→ Data below
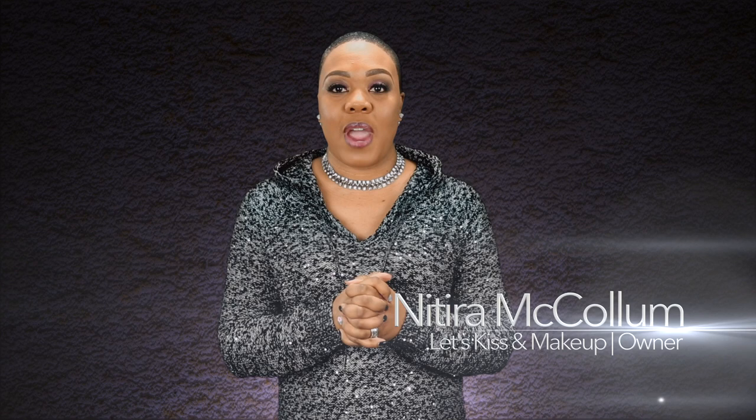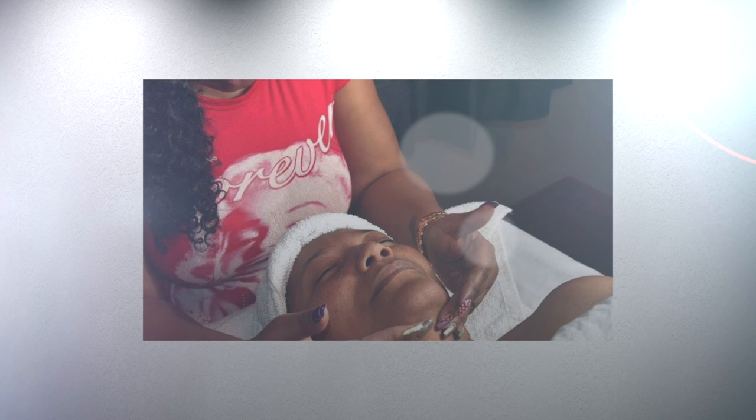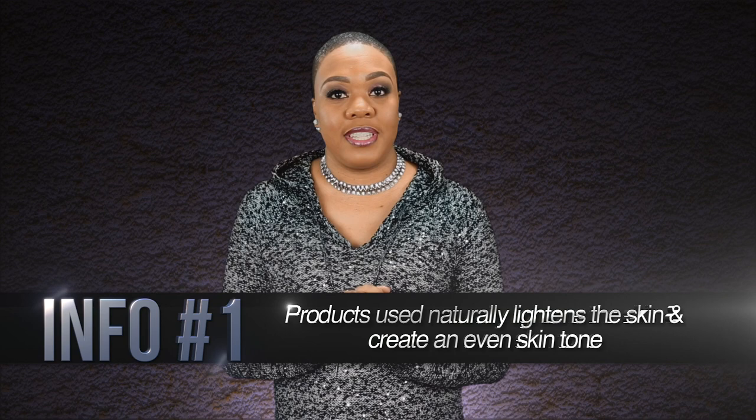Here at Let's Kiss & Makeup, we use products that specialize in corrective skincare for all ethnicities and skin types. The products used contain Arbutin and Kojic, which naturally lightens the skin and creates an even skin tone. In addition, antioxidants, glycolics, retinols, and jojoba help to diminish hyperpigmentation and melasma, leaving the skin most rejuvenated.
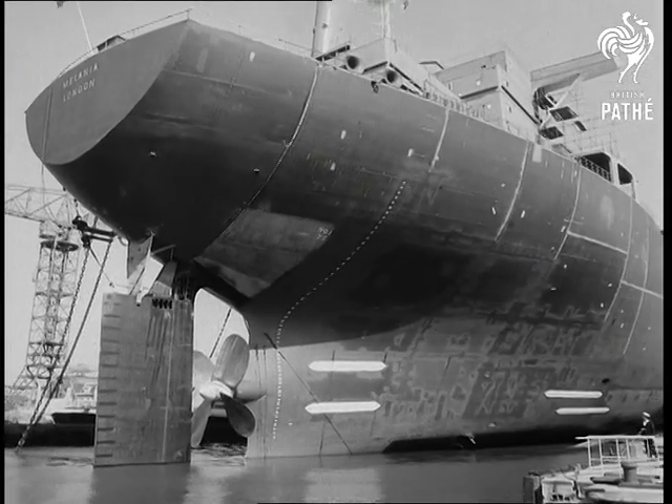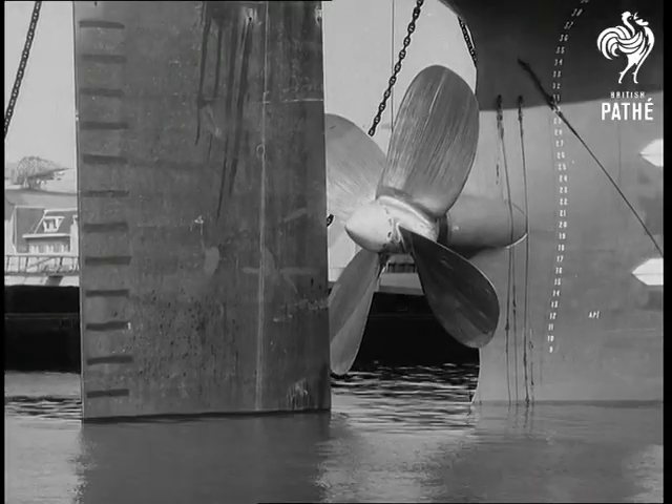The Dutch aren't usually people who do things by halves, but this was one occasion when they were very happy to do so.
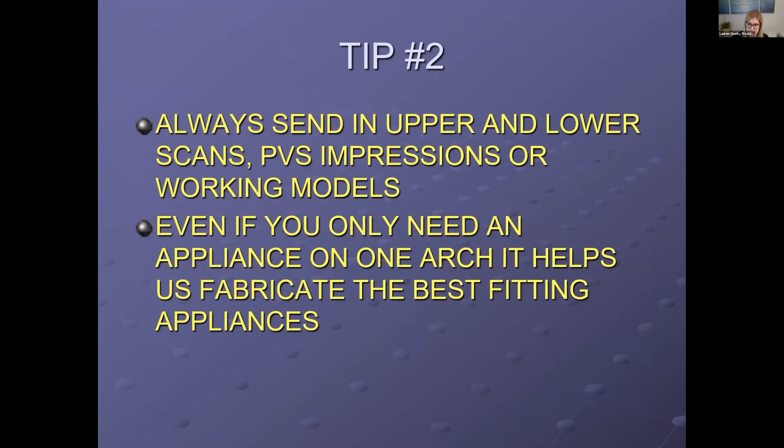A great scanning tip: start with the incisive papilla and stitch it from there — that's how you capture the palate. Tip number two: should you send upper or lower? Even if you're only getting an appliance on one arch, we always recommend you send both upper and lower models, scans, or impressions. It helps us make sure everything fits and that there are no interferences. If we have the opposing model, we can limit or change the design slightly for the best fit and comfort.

→ Problem requirements
Please output every line of the listing as it stands, and omit its images.

→ Response to the exercise
Here at Let's Kiss & Makeup, we use products that specialize in corrective skincare for all ethnicities and skin types. The products used contain Arbutin and Kojic, which naturally lightens the skin and creates an even skin tone. In addition, antioxidants, glycolics, retinols, and jojoba help to diminish hyperpigmentation and melasma, leaving the skin most rejuvenated.
The Dutch aren't usually people who do things by halves, but this was one occasion when they were very happy to do so.
A great scanning tip: start with the incisive papilla and stitch it from there — that's how you capture the palate. Tip number two: should you send upper or lower? Even if you're only getting an appliance on one arch, we always recommend you send both upper and lower models, scans, or impressions. It helps us make sure everything fits and that there are no interferences. If we have the opposing model, we can limit or change the design slightly for the best fit and comfort.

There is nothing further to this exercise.